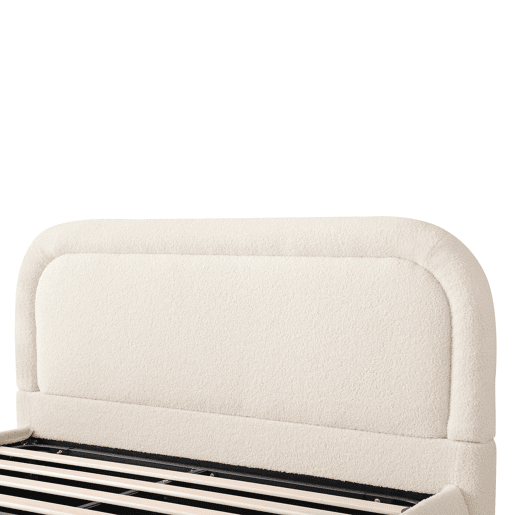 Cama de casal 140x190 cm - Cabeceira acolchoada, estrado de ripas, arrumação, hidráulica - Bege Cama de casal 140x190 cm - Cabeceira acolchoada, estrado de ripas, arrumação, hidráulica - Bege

++++++++

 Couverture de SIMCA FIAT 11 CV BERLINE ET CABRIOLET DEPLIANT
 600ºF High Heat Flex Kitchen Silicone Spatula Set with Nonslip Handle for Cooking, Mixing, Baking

++++++++

» Activity: Scan the lines above for "Couverture de SIMCA" and for "600ºF High Heat". Repeat exactly the line holding each of them and every line in between.

» Answer below:
 Couverture de SIMCA FIAT 11 CV BERLINE ET CABRIOLET DEPLIANT
 600ºF High Heat Flex Kitchen Silicone Spatula Set with Nonslip Handle for Cooking, Mixing, Baking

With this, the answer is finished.